History, ladies and gentlepeople, señoras y señores. We all just witnessed history, and one hell of a message: "Justin Verlander 95 at the letters no big deal." It's an 0-2 pitch that Verlander will no doubt be happy to throw to thousands of major league batters the rest of his career. Tonight, Pablo Sandoval's first swing became a symbol of the entire game: Don't expect the obvious. It ain't gonna happen. Balls will hit bases and allow Angel Pagan not only a single but a double, where Marco Scutaro will knock him home. Barry Zito will shut down the mighty Tigers and wield a terrible sword -- in the Middle English sense, that is. Terrible, full of terror. Rally Barry Zito, medieval terrorista / slap-hittin' Verlander from here to Monte Vista!
I'm working on it. Meanwhile, no one got naked or threw soy lattes onto the field or arrested the Tigers for using plastic bags, much to the chagrin of visiting writers under tremendous pressure to file "San Francisco: Weird!" stories. They got plenty of it on the field.
It's a matter of time until Pat Robertson condemns our sinful city for letting a Pagan lead us into battle. Indeed, and we shall praise him, if not forever and ever, then at least one more night for the number Angel put down on Verlander: 22.
That's the number of pitches he saw from Verlander. Six pitches in the first before grounding out, eight more in the third before his chopper to third hit the bag and trickled into left field and started a three run, two out rally. Then he forced eight more pitches in the fifth, when Verlander was about to exit and the game was already in hand. Pagan did nothing more than hit three ground balls, one extremely well placed, but with his work in the first inning plus Sandoval's home run, the theme was set. The Giants would not be carved up like pumpkins.
Let's make sure to note Brandon Crawford hit two balls on the nose tonight into outs, and in another bat he made contact with Belt on the move, avoiding a double play. Crawford was out, but anytime you can get a guy into scoring position for Barry Zito, it's a productive out.
[Aside: Sweet Jesus, if I have to hear Marty Lurie say one more time "They played like it was just another game! That's why I love this team!" I'm going to strangle my dog, who happens to be a professional hitter. I also don't have a dog. By the way, why do inarticulate commentators love to say "he's a professional hitter" but no one ever says "he's a professional pitcher"? Are unspectacular but reassuringly competent pitchers something other than professional?]
So we turn around and do it again tomorrow, with Madison Bumgarner on the mound, and we'll see quickly if Rags & Co. tinkered successfully.
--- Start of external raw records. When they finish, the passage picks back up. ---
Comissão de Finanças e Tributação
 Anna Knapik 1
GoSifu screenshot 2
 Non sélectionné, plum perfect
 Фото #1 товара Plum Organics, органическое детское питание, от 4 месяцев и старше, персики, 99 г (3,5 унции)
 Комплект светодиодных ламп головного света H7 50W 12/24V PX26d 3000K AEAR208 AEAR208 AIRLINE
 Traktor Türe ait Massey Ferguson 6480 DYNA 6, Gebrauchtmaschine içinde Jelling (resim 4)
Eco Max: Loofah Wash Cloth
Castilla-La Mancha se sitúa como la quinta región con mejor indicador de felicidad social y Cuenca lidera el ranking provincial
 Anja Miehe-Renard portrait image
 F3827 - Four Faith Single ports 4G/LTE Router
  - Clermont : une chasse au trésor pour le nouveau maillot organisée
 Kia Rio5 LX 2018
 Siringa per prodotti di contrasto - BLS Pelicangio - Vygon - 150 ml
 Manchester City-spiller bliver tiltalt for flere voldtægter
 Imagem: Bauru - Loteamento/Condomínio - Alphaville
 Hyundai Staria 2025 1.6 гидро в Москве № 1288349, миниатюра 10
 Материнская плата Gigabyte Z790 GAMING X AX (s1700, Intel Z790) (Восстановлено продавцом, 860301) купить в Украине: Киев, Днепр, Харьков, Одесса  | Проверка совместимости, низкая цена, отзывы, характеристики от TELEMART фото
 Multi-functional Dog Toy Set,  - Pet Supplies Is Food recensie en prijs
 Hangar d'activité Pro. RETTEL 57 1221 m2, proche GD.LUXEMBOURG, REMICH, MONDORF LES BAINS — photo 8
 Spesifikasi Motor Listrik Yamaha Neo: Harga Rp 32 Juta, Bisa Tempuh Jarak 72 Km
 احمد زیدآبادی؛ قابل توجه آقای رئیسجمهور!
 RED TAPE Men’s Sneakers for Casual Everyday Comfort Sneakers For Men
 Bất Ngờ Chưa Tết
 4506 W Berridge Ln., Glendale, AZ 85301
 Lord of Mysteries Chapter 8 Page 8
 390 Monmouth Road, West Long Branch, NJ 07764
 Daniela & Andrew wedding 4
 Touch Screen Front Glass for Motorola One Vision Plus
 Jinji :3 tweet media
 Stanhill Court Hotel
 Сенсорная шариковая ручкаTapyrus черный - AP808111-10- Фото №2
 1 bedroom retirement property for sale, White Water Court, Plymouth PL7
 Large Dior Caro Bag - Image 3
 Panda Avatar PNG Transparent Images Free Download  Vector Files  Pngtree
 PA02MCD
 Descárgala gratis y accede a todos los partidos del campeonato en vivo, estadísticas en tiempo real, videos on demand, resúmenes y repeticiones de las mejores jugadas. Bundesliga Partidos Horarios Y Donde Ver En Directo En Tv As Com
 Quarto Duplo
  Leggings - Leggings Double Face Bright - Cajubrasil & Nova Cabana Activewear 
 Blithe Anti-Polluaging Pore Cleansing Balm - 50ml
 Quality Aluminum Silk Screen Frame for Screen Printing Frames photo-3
One key is whether he can pinpoint his cutter/slider down under the hands of right handers without it running flat, and whether he can execute the same pitch but on the other side of the plate. The Reds and Cardinals both hit that pitch hard because Bumgarner didn't have late snap on it. Even when it was inside, hitters were able to spin on it. If Bumgarner still isn't right, Lincecum won't be shadowing him after pitching his spotless relief of Zito tonight. Bochy already said post-game Timmy was unavailable for Game 2. That means Guillermo Mota would have to hold the fort as the long man.